Mike Chislett with long hair... (now short)

Simple Facts about Mike

  • Mike joined in 2009 at Freshers' Fair.
  • Mike has a slight hate of Mac OS X, due to it being left hand drive - prefers window controls on the right.
  • Likes lighting rigs. Far too much.
  • Invented Windowvision 2010/2011.
  • Won NaSTA Best Technical Achievement for chainable video matrixes.
  • Won YUMA for first piece of 3D student television.
  • Resident of 84 Thief Lane.

things

  • Fast food. A show about food that is fast. Takeaways, quizzes, and some bloke who has a strange habit of blending/liquidising cheap meals. Fast food's first episode was a complete disaster, and the only interesting thing was apparently Chris Young's choice of clothing. For some unknown reason, people insisted on watching it. As a result, Mike hid the episode from the website's view, in the hope that it would sink down the search results! Series 2 will not happen, as Mike spent too long fixing Comms and the Main Mux...
  • Create YSTV "big logo" idents. Go round campus projecting logo all over the place.
    • It works.
  • Infinite loop idents / stings
    • done (LOGOcutout, and TVloops)
  • GD set.
    • A glowing pulsating monstrous set, requiring over 400 foot of jigsawing.
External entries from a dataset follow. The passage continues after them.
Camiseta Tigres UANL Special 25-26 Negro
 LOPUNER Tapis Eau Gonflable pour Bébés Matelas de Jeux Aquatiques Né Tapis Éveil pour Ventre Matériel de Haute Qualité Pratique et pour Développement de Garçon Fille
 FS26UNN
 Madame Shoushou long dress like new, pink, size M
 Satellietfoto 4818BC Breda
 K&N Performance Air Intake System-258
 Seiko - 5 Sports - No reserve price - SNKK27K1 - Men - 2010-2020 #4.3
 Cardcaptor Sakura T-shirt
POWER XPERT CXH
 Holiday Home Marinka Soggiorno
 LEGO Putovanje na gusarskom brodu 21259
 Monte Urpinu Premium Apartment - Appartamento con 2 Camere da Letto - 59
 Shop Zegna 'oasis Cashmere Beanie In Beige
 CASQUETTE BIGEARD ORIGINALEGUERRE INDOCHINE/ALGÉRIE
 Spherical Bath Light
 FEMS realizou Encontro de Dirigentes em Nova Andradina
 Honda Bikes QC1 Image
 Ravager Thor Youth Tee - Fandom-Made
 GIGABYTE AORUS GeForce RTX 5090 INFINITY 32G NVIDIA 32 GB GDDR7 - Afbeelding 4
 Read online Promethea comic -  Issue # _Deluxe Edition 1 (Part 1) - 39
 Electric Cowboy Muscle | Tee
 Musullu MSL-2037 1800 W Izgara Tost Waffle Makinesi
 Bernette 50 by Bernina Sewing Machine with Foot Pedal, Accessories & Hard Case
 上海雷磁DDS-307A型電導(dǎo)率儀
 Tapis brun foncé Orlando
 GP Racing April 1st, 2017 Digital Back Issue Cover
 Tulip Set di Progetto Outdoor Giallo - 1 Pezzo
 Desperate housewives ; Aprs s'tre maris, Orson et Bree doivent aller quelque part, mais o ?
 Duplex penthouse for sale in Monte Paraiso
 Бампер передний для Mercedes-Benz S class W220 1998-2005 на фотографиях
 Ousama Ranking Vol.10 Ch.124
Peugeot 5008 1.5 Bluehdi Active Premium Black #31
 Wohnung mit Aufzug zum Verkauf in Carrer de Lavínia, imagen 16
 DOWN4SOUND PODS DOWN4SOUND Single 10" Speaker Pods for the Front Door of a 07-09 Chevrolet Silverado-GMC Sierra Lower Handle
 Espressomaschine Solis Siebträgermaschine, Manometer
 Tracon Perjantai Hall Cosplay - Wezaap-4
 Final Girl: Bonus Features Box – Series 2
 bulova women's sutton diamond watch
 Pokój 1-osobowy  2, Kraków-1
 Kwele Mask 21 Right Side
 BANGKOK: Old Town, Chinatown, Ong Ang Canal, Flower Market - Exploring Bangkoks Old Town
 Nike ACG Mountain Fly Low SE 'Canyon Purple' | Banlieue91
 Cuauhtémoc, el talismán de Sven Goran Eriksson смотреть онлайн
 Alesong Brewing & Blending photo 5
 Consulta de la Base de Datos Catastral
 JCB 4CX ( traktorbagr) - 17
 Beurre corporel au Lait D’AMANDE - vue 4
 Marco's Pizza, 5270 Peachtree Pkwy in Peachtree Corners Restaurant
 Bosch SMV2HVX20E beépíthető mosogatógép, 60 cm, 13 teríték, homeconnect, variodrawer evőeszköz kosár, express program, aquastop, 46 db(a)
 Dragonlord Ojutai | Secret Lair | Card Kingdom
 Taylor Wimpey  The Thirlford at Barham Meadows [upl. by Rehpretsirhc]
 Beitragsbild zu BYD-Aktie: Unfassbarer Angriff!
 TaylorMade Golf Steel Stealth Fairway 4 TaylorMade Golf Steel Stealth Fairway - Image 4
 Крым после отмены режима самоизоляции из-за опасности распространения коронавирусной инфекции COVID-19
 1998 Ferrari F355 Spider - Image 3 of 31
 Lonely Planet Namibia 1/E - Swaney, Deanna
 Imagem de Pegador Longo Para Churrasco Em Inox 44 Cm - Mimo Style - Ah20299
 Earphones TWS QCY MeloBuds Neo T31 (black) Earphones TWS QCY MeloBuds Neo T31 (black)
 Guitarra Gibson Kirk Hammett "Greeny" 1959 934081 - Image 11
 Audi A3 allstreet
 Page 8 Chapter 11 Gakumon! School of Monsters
The GD set is wheeled out almost every year now. The sets feature a TRON-esque series of channels cut from the 8'x4' boards, filled with grease-proof paper, then back-lit with a suitably "electric blue" or other colour. The grease-proof paper's imperfections make for a somewhat "bio-mechanical" feel, and when a chase is applied to the back lighting many people note that it makes the room feel alive.
  • Chainable video matrixes
    • Over 2010 - 2011, Mike set about building the "better than standard" video matrix system. Built as two 8-in 8-out matrixes, they can also join together to make a larger 16x8 system. They conform to Mike's standard "YVP".
  • YVP (YSTV Vision Path)
    • Because having everything talk to everything else is so cool.
    • YVP is pretty much butchered XML, with the driving principle being that machines can be used to create a mass routing table: this can then be read off to various other bits of kit, which can then display and react on the fly. For example, someone connects up three cameras, and isn't familiar with how the vision path works. All they do is open the YVP program, tell it they want those three cameras from those plugs in the studio, to go on those vision mixer inputs. The system then arranges itself, complete with matching tally lights. The Vision Mixer then reports back which inputs are live, and the YVP machine activates the tally lights accordingly.